TASK INSTRUCTIONS
Print only the lines below from the one with "Greetings students, we" to the one with "Introducing the Lila", both included, exactly as they stand. Leave pictures out.

*** ENTRIES PROVIDED Section Begins ***

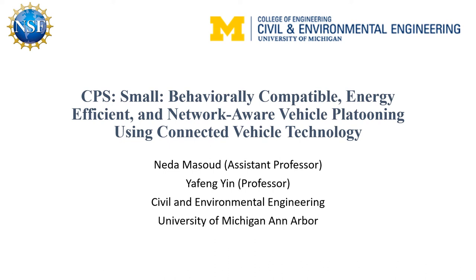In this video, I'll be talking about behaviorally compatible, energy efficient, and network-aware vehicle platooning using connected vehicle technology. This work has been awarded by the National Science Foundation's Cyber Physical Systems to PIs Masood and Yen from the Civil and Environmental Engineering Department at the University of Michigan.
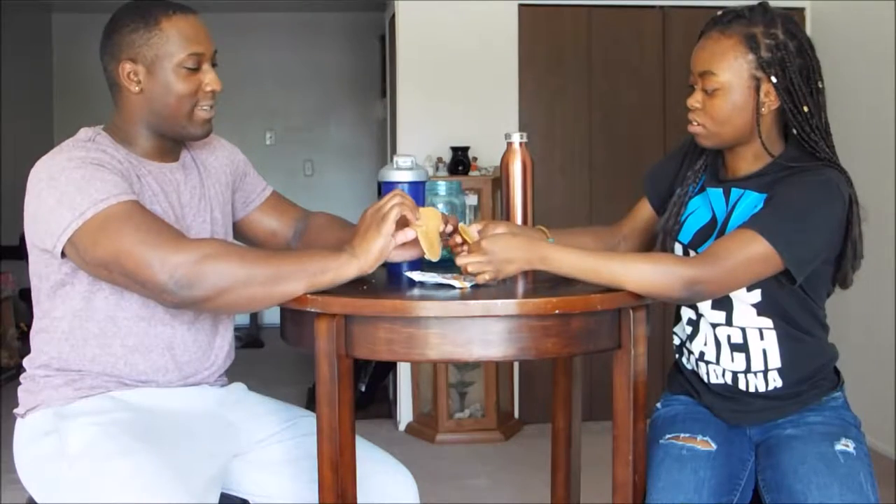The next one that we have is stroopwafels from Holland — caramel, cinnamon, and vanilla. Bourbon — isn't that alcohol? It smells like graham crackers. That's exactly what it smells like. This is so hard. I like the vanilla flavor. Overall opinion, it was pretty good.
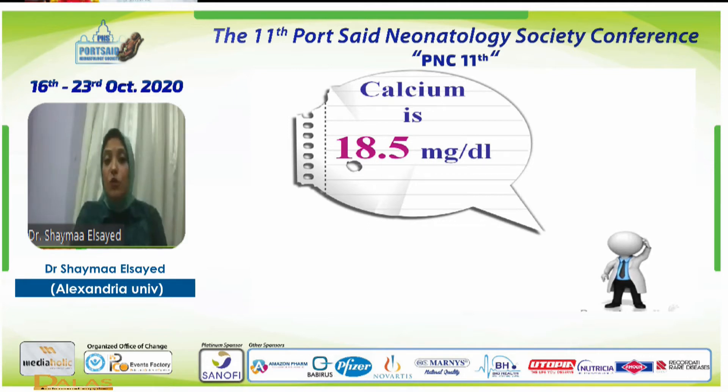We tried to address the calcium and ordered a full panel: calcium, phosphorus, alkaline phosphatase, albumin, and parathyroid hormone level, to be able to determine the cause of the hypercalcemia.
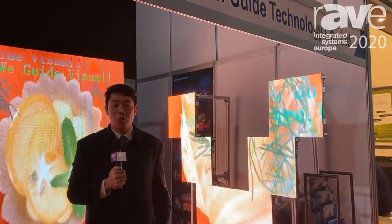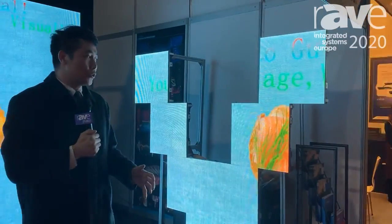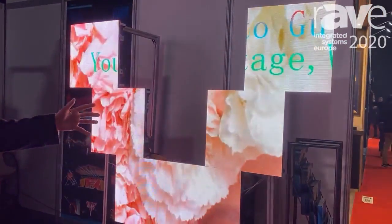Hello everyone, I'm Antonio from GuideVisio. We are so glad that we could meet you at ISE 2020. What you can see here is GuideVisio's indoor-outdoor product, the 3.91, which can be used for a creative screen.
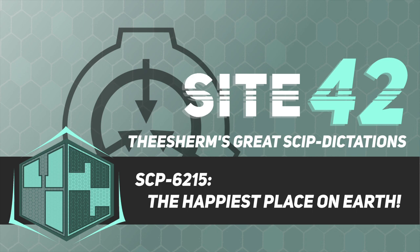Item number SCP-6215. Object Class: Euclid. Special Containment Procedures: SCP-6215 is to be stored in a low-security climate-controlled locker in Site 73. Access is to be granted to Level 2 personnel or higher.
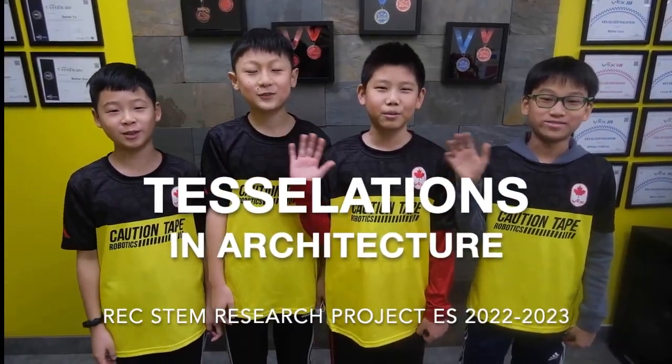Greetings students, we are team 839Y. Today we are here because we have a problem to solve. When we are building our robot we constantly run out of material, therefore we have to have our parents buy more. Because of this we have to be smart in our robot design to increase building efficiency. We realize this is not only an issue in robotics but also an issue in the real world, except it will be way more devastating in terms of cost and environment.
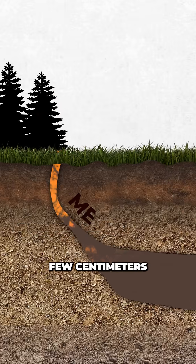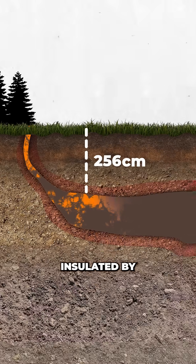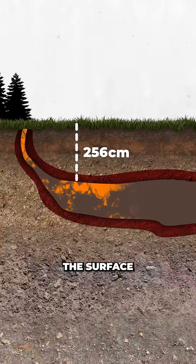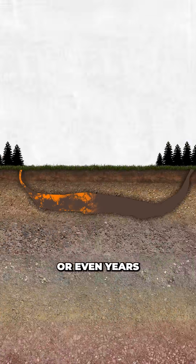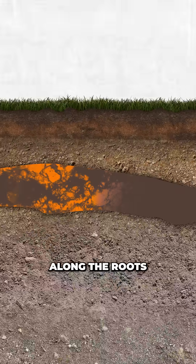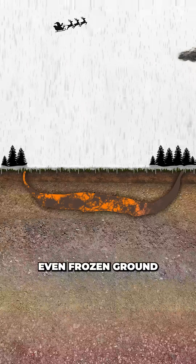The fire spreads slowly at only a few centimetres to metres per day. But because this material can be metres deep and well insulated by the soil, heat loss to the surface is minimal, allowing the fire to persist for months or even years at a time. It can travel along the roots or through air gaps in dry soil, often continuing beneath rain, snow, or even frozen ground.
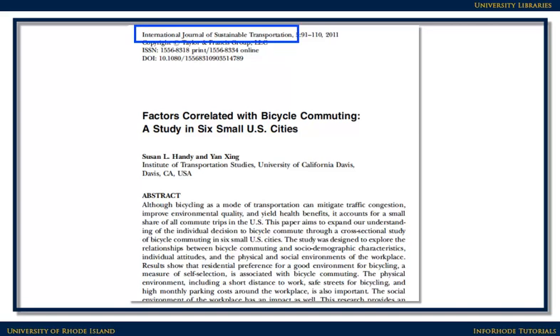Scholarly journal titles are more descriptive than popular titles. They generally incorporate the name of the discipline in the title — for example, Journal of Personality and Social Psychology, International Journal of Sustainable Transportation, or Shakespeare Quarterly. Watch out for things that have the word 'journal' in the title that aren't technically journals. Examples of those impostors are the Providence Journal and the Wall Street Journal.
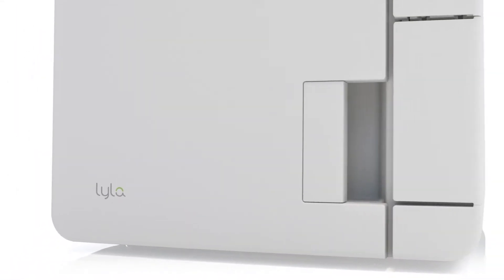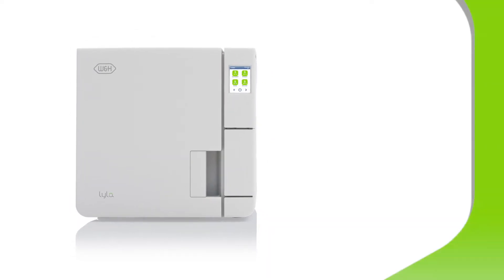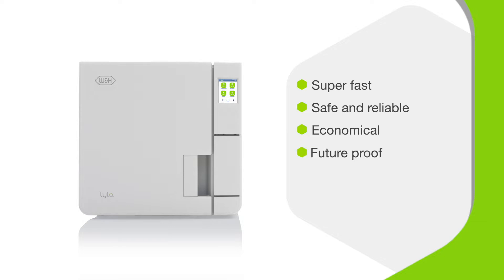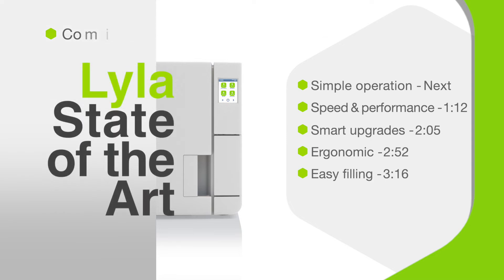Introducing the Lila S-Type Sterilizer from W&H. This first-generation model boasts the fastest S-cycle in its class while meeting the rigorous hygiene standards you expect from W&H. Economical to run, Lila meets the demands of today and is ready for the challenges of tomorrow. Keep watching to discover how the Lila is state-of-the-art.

*** ENTRIES PROVIDED Section Ends ***
*** ENTRIES PROVIDED Section Begins ***

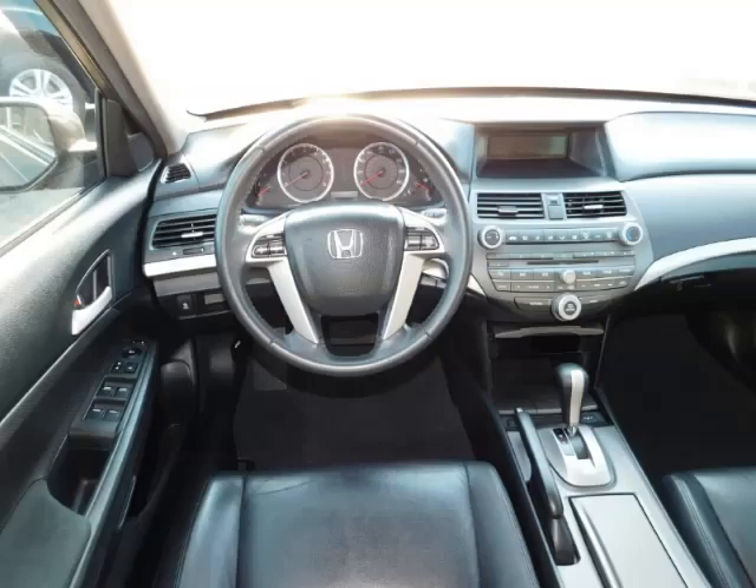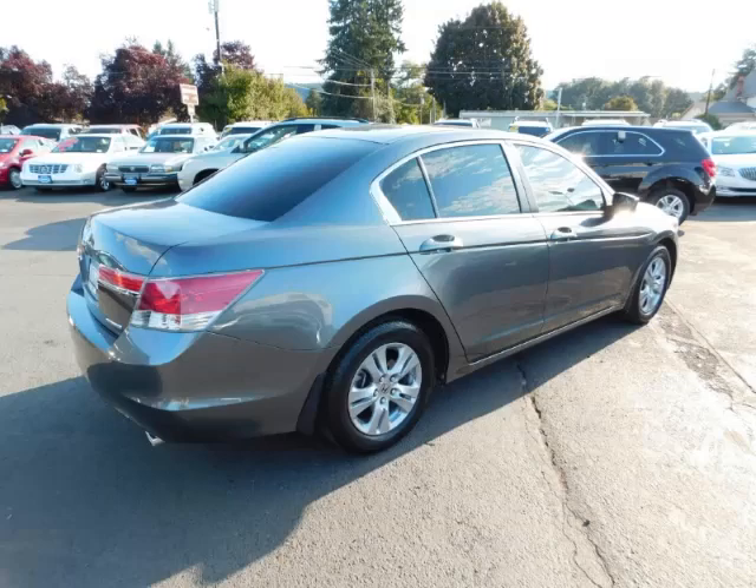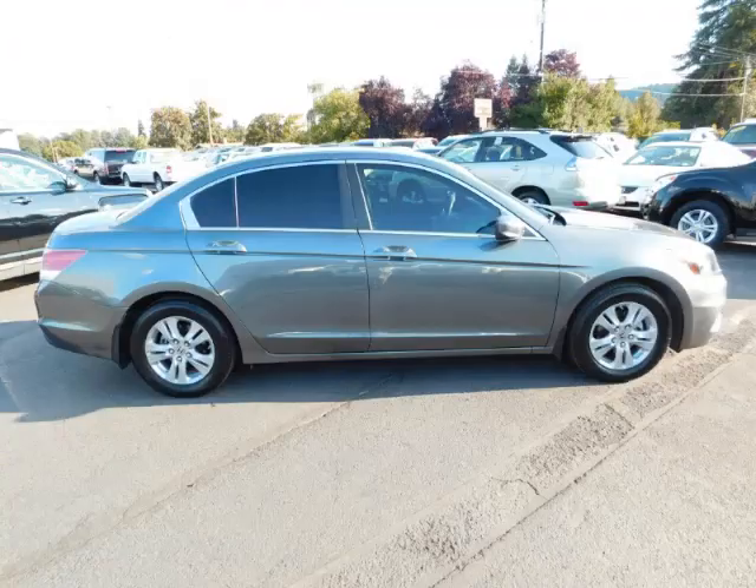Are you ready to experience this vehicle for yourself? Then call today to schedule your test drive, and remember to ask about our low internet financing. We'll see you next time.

*** ENTRIES PROVIDED Section Ends ***

TASK ANSWER
Greetings students, we are team 839Y. Today we are here because we have a problem to solve. When we are building our robot we constantly run out of material, therefore we have to have our parents buy more. Because of this we have to be smart in our robot design to increase building efficiency. We realize this is not only an issue in robotics but also an issue in the real world, except it will be way more devastating in terms of cost and environment.
The fire spreads slowly at only a few centimetres to metres per day. But because this material can be metres deep and well insulated by the soil, heat loss to the surface is minimal, allowing the fire to persist for months or even years at a time. It can travel along the roots or through air gaps in dry soil, often continuing beneath rain, snow, or even frozen ground.
Scholarly journal titles are more descriptive than popular titles. They generally incorporate the name of the discipline in the title — for example, Journal of Personality and Social Psychology, International Journal of Sustainable Transportation, or Shakespeare Quarterly. Watch out for things that have the word 'journal' in the title that aren't technically journals. Examples of those impostors are the Providence Journal and the Wall Street Journal.
Introducing the Lila S-Type Sterilizer from W&H. This first-generation model boasts the fastest S-cycle in its class while meeting the rigorous hygiene standards you expect from W&H. Economical to run, Lila meets the demands of today and is ready for the challenges of tomorrow. Keep watching to discover how the Lila is state-of-the-art.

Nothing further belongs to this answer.